(Data records begins)
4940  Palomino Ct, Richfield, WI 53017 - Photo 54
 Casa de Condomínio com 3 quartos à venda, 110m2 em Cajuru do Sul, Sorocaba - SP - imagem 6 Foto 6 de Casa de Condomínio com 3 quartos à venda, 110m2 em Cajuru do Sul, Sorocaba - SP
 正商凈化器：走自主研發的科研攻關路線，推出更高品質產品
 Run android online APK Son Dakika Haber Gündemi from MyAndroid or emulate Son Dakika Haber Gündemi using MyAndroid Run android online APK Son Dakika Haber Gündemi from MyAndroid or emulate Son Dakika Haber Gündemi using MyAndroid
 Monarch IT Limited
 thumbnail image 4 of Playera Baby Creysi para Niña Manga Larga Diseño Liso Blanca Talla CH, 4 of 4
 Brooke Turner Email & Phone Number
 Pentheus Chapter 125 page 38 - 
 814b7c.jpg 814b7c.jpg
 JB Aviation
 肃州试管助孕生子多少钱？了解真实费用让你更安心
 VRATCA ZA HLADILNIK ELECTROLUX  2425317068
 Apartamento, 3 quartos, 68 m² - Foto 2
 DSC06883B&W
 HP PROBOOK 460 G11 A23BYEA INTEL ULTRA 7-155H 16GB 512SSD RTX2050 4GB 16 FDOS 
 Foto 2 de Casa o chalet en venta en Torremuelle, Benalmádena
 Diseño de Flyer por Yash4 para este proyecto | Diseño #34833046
(Data records ends)
§ Task item: Pick each line holding the word "Foto" out of the listing.

§ Answer section:
 Casa de Condomínio com 3 quartos à venda, 110m2 em Cajuru do Sul, Sorocaba - SP - imagem 6 Foto 6 de Casa de Condomínio com 3 quartos à venda, 110m2 em Cajuru do Sul, Sorocaba - SP
 Apartamento, 3 quartos, 68 m² - Foto 2
 Foto 2 de Casa o chalet en venta en Torremuelle, Benalmádena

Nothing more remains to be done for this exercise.